I'll try taking out the -fast flag (which should result in -O1) and yes +DD64 was the flag, several other flags are on the line, that aren't necessarily optimizations, and they vary depending on the stage of the build. I'll see about picking a representative set of flags and posting it.
Dennis Handly
Acclaimed Contributor

Re: Compilation Intensive Load rx2660 vs rx5670 performance

>Physical never seems to be entirely consumed, swapping is minimal.

Yes.
Olivier Masse
Honored Contributor

Re: Compilation Intensive Load rx2660 vs rx5670 performance

I find it really hard to beleive that an rx5670 could outperform an Montecito-based rx6600. There's really something wrong here.
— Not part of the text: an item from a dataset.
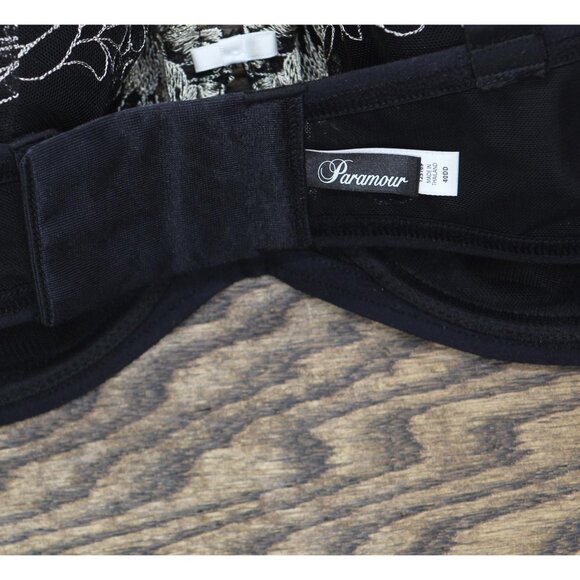 NWT Paramour Aura Embroidered Contour Bra Demi Coverage Black Champagne 40DD - Picture 9 of 10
This might be a far shot, but I've seen issues in the past of mysteriously bad performance with a server that didn't have the advanced OnlineJFS features enabled. I think this can happen if you initially install the wrong OE. If you're entitled to a license, compare the /etc/inittab on both servers, and look for a "vxen" entry. Then compare the /etc/fstab on each server, comparing the mount options.

Good luck
Olivier Masse
Honored Contributor

Re: Compilation Intensive Load rx2660 vs rx5670 performance

Er, I meant rx2660 of course. :)
Michael S Costello
Occasional Advisor

Re: Compilation Intensive Load rx2660 vs rx5670 performance

Dennis:

swapinfo -tam for the rx5670 idle and during build:

Idle
~ % swapinfo -tam
Mb Mb Mb PCT START/ Mb
TYPE AVAIL USED FREE USED LIMIT RESERVE PRI NAME
dev 4096 199 3897 5% 0 - 1 /dev/vg00/lvol2
reserve - 280 -280
memory 2037 1257 780 62%
total 6133 1736 4397 28% - 0 -

During Initial Component Build
~ % swapinfo -tam
Mb Mb Mb PCT START/ Mb
TYPE AVAIL USED FREE USED LIMIT RESERVE PRI NAME
dev 4096 199 3897 5% 0 - 1 /dev/vg00/lvol2
reserve - 280 -280
memory 2037 1257 780 62%
total 6133 1736 4397 28% - 0 -

Later Measurements
Mb Mb Mb PCT START/ Mb
TYPE AVAIL USED FREE USED LIMIT RESERVE PRI NAME
dev 4096 199 3897 5% 0 - 1 /dev/vg00/lvol2
reserve - 338 -338
memory 2037 1260 777 62%
total 6133 1797 4336 29% - 0 -
Two Samples During the most resource intensive components:
Mb Mb Mb PCT START/ Mb
TYPE AVAIL USED FREE USED LIMIT RESERVE PRI NAME
dev 4096 450 3646 11% 0 - 1 /dev/vg00/lvol2
reserve - 871 -871
memory 2037 1261 776 62%
total 6133 2582 3551 42% - 0 -

Mb Mb Mb PCT START/ Mb
TYPE AVAIL USED FREE USED LIMIT RESERVE PRI NAME
dev 4096 731 3365 18% 0 - 1 /dev/vg00/lvol2
reserve - 595 -595
memory 2037 1262 775 62%
total 6133 2588 3545 42% - 0 -

Back to less intensive phase
Mb Mb Mb PCT START/ Mb
TYPE AVAIL USED FREE USED LIMIT RESERVE PRI NAME
dev 4096 210 3886 5% 0 - 1 /dev/vg00/lvol2
reserve - 389 -389
memory 2037 1262 775 62%
total 6133 1861 4272 30% - 0 -

Dennis Handly
Acclaimed Contributor

Re: Compilation Intensive Load rx2660 vs rx5670 performance

>swapinfo -tam for the rx5670 idle and during build:
memory 2037 1261 776 62%
total 6133 2582 3551 42%

This shows you might be able to do two or more builds at a time.